Nella maggior parte dei modelli le nubi contengono troppo ghiaccio e quindi troppo liquido in seguito al riscaldamento, il che rende la valutazione della componente nuvolosa irrealistica. Utilizzando un modello climatico “state-of-the-art”, i ricercatori hanno modificato i parametri per portare le quantità relative di liquido e ghiaccio presenti nelle nuvole in accordo con quanto osservato in natura. La correzione della polarizzazione ha portato ad una più debole reazione della fase nuvolosa e al maggiore riscaldamento in risposta al biossido di carbonio.
“Abbiamo scoperto che la sensibilità climatica è passata dal 4°C nel modello di default ai 5-5.3°C nelle versioni che sono state modificate per portare le quantità di liquidi e di ghiaccio in più stretto accordo con le osservazioni reali”, ha dichiarato il ricercatore Ivy Tan, uno dei principali autori della ricerca.
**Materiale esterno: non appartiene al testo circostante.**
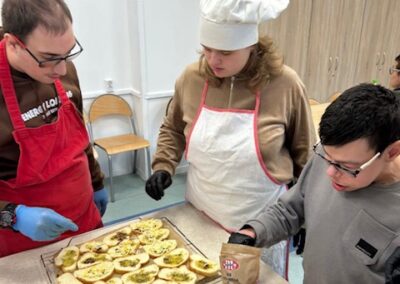 Trzy osoby stoją przy stole, nad tacą gotowych do pieczenia grzanek z oliwą i serem. Mężczyzna z prawej, w szarej bluzie, trzyma torebkę z serem, a pozostali nadzorują.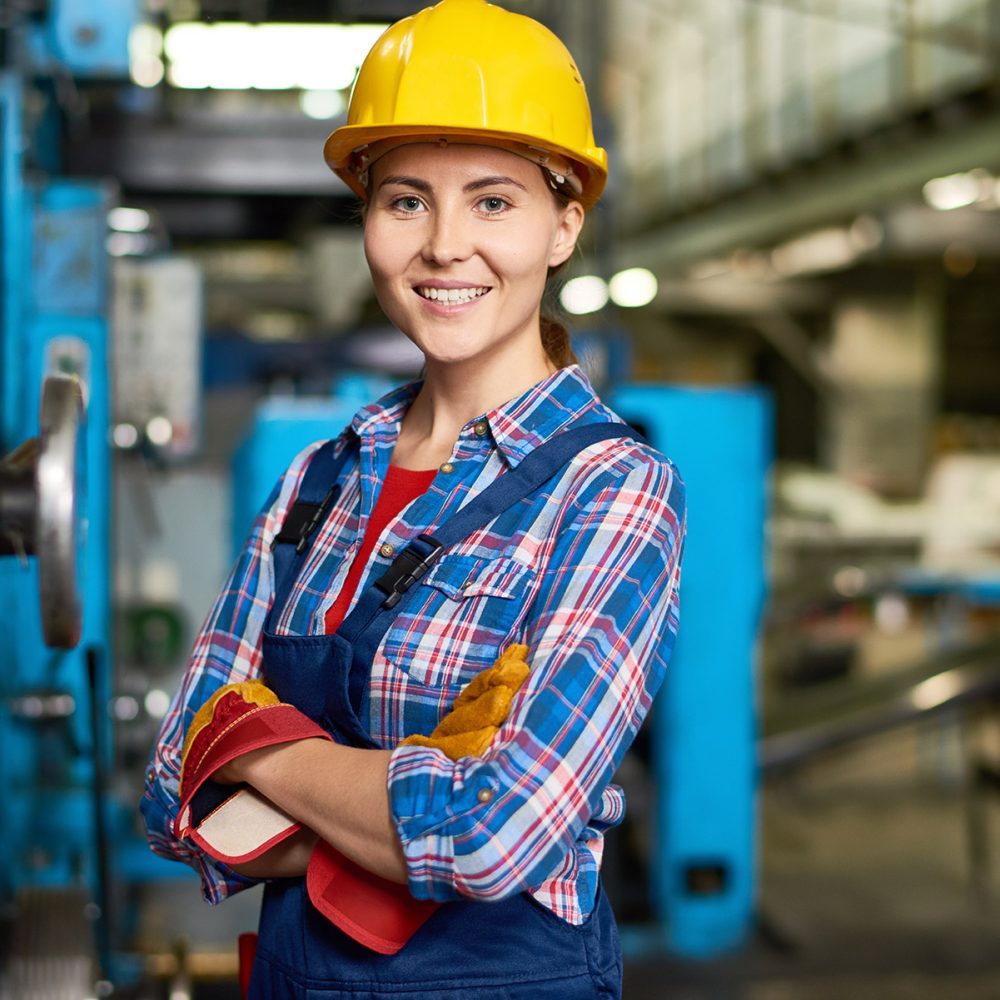 happy-young-woman-working-at-factory-DWN33CH.jpg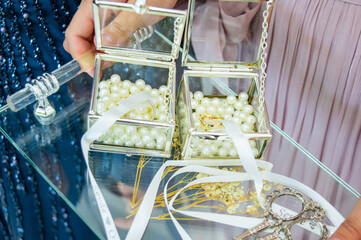 Engagement ring tray, white engagement ribbon tied to rings and antique scissors to cut it.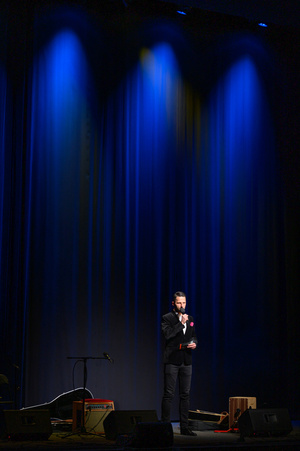 Koncert: Adam Nowak i Akustyk Amigos - Zapowiedź koncertu. Na scenie konferansjer Sebastian Szafarz.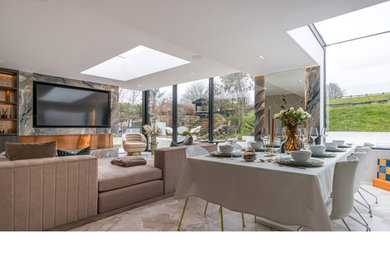 Large modern formal and grey and brown enclosed living room in London with multi-coloured walls, carpet, a standard fireplace, a concrete fireplace surround, a built-in media unit, beige floors, a wood ceiling, brick walls and feature lighting.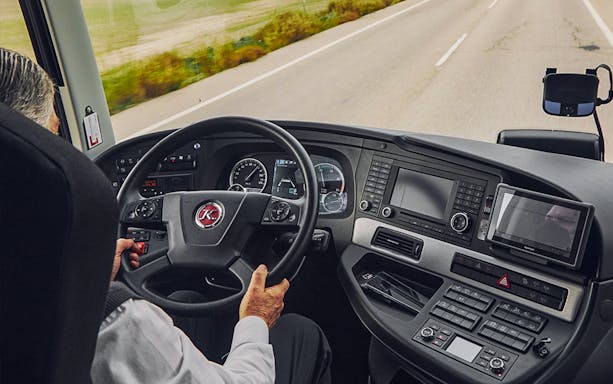 Driver's view from Alsa Granada Airport transfer bus dashboard on highway.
In natura, le nuvole contenenti sia cristalli di ghiaccio che gocce liquide sono comuni a temperature inferiori allo zero. Il riscaldamento atmosferico a seguito delle emissioni di anidride carbonica farà crescere la quantità di liquido. Dal momento che le nuvole liquide tendono a riflettere più luce solare, questo meccanismo di feedback agisce per ridurre il riscaldamento globale. “La maggior parte dei modelli climatici sono un po’ troppo ansiosi nel valutare le quantità di liquido e ghiaccio al di sotto dello zero, esagerando probabilmente l’aumento della riflettività a seguito del riscaldamento atmosferico”, ha dichiarato uno dei coautori Mark Zelinka. “Questo significa che si potrebbe sottovalutare sistematicamente la percentuale di riscaldamento che si verificherà in risposta all’incremento dell’anidride carbonica”.
Questi risultati si aggiungono a un crescente numero di prove che indicano errori d’interpretazione del ruolo svolto dalle nubi nel processo di riscaldamento globale. Studi recenti hanno evidenziato che altri meccanismi di feedback innescati dalle nuvole sono in grado di aggravare il riscaldamento piuttosto che frenarlo. “Le prove che si stanno sommando, parlando di nubi, non sembrano volerci fare un favore quando si tratta di limitare il riscaldamento globale.”